Ein Delta von 177 Euro im Monat
Demming zeigte sich überzeugt: „Der Soziale Arbeitsmarkt ist finanzierbar.“ Er stellte den Politikern eine Modellrechnung vor – auf der einen Seite die Hartz IV-Regelleistung plus Kosten der Unterkunft, Heizung, Kranken- und Pflegeversicherung sowie Verwaltungskosten im Jobcenter, auf der anderen Seite eine Beschäftigung zum Mindestlohn, wobei die Person 1050 Euro monatlich zur Verfügung hat und fast 400 Euro an Steuern, Renten- und Arbeitslosenversicherung ins System zurückfließen. Unterm Strich, so Demming, bleibe da ein Delta von 177 Euro im Monat, das im Sozialen Betrieb erwirtschaftet werden müsse.
Paradigmenwechsel muss politisch gewollt sein
„Das ist ein Paradigmenwechsel, der politisch gewollt sein muss,“ erklärte Demming abschließend. Helmut Melchert, zuständiger Fachbereichsleiter im Arnsberger Rathaus, signalisierte, gerne mitziehen zu wollen. Denn das Problem sei riesengroß und nicht in den Griff zu kriegen, vielmehr sei mit steigenden Zahlen zu rechnen. Als erstes muss der Hochsauerlandkreis überzeugt werden, denn die Stadt Arnsberg betreibt das Jobcenter nur in dessen Auftrag. Frank Demming sieht hier gute Chancen, vor allem für ein Gemeinschaftsprojekt von Arnsberg und Sundern, weil in Arnsberg und Sundern ein erkennbarer Schwerpunkt des Problems liege. In den beiden Städten im Westkreis lebten 59 Prozent der Leistungsempfänger, aber nur 39 Prozent der Gesamtbevölkerung des HSK. Überzeugt werden müssen aber auch Land und Bund, weil von ihnen Geld kommt. Auch hier sieht Demming Chancen. Im Saarland und in Baden-Württemberg gebe es bereits seit Jahren Modellprojekte und auch im Osten der Republik seien derzeit Kommunen auf diesem Weg. „Und wenn es auch nur ein auf Dauer angelegtes Modellprojekt wäre, wäre uns hier schon geholfen,“ so Demming.
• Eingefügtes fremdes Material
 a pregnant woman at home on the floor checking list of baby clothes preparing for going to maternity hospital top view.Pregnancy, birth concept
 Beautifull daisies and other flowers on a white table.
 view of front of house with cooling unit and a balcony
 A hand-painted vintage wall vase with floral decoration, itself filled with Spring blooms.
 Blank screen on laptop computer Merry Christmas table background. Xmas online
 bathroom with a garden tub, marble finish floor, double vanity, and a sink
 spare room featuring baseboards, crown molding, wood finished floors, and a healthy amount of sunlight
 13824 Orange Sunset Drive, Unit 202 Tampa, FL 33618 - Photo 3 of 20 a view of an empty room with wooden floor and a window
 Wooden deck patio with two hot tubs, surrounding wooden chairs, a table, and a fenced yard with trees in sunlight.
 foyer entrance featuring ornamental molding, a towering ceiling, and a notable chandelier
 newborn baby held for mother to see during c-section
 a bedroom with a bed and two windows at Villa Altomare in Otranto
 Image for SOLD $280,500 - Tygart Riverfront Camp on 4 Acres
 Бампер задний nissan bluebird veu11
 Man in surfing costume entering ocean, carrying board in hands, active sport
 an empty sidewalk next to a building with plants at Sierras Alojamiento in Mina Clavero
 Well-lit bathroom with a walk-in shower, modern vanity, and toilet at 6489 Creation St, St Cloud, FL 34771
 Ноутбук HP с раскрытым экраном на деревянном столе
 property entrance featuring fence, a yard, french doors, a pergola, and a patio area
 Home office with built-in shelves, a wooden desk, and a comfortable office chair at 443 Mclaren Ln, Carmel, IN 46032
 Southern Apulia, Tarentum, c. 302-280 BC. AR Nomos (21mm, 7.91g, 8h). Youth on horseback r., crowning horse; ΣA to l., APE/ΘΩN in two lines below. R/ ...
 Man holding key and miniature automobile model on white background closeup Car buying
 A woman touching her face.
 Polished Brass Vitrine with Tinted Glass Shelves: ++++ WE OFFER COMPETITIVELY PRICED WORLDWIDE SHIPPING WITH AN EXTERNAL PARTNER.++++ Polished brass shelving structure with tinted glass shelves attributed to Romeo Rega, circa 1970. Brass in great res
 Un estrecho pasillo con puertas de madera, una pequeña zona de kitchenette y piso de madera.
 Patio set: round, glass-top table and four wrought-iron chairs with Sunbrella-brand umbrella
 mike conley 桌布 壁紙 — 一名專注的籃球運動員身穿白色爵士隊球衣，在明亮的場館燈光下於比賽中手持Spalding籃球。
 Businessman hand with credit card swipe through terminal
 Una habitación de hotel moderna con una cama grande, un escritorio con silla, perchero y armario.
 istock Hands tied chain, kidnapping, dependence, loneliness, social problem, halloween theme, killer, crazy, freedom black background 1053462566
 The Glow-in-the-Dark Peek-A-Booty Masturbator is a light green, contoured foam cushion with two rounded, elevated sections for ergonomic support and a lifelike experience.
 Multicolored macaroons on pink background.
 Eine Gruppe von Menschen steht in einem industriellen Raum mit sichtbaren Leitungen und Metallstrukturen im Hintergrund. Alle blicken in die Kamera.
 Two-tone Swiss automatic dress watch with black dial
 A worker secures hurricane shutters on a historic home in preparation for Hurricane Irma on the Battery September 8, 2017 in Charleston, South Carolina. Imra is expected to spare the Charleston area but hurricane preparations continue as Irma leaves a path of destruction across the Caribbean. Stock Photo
Holzenergiehof im Januar Thema
Angesprochen auf konkrete Umsetzungsmöglichkeiten vor Ort in Arnsberg, nannte Demming den Holzenergiehof, ein Projekt, das sein Caritas-Verband gemeinsam mit den Stadtwerken Arnsberg plant. „Den aktuellen Stand dieses Projekts werden die Stadtwerke in der Januarsitzung des Ausschusses vorstellen“, kündigte der Ausschussvorsitzende Hans Wulf (Grüne) an. „Ein spannender Vortrag und ein gutes Votum,“ bilanzierte Wulf abschließend, nachdem der Ausschuss einstimmig sein klares politisches Signal gesetzt hatte.